With its crab population rebounding and water quality slightly better, the Chesapeake Bay is showing signs of improvement, the region's leading environmental group says, but the estuary remains seriously impaired and needs a strict pollution "diet" to ensure its restoration.
The Annapolis-based Chesapeake Bay Foundation upped the estuary's overall health score by three points in its latest "state of the bay" report, while warning that it remains in critical condtion, barely above a failing grade.
"That the bay is getting better is a huge development, but sadly not the whole story," William C. Baker, the foundation's president, said in a release accompanying the report. "Dead zones, fish kills and water contact advisories are constant reminders of how far we still must go."
The report comes as the Environmental Protection Agency prepares to release its final "pollution diet" for the bay, requiring Maryland and the rest of the six-state region to curtail the nitrogen, phosphorus and sediment getting into the water from sewage plants, farms and urban and suburban lands. The EPA's draft "total maximum daily load," as the diet is known, has stirred anxiety and anger among farmers, developers and some state and local officials, who fear the costs of cleanup may stifle growth.

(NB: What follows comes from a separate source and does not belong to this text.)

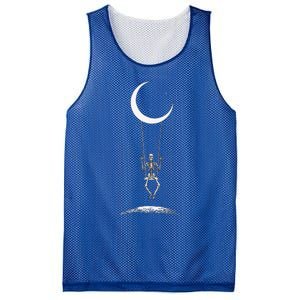 Rock On Skeleton Moon Band Rock And Roll Graphic Mesh Reversible Basketball Jersey Tank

The foundation's report says the EPA's action occurs at a watershed, as eight of 13 indicators of the bay's health have improved since 2008, with the dramatic recovery of the Chesapeake's blue crab population leading the way. Other significant gains came in planting of trees along water ways to buffer pollution, and in the continued flourishing of underwater grasses, vital habitat for fish and crabs.
Water clarity, dissolved oxygen and oysters also improved slightly, but remained marginal at best, the foundation's report notes.
"We are at a tipping point," the foundation's Baker said. "If EPA stands firm, and the states deliver on their commitments, the bay will become resilient and beautiful."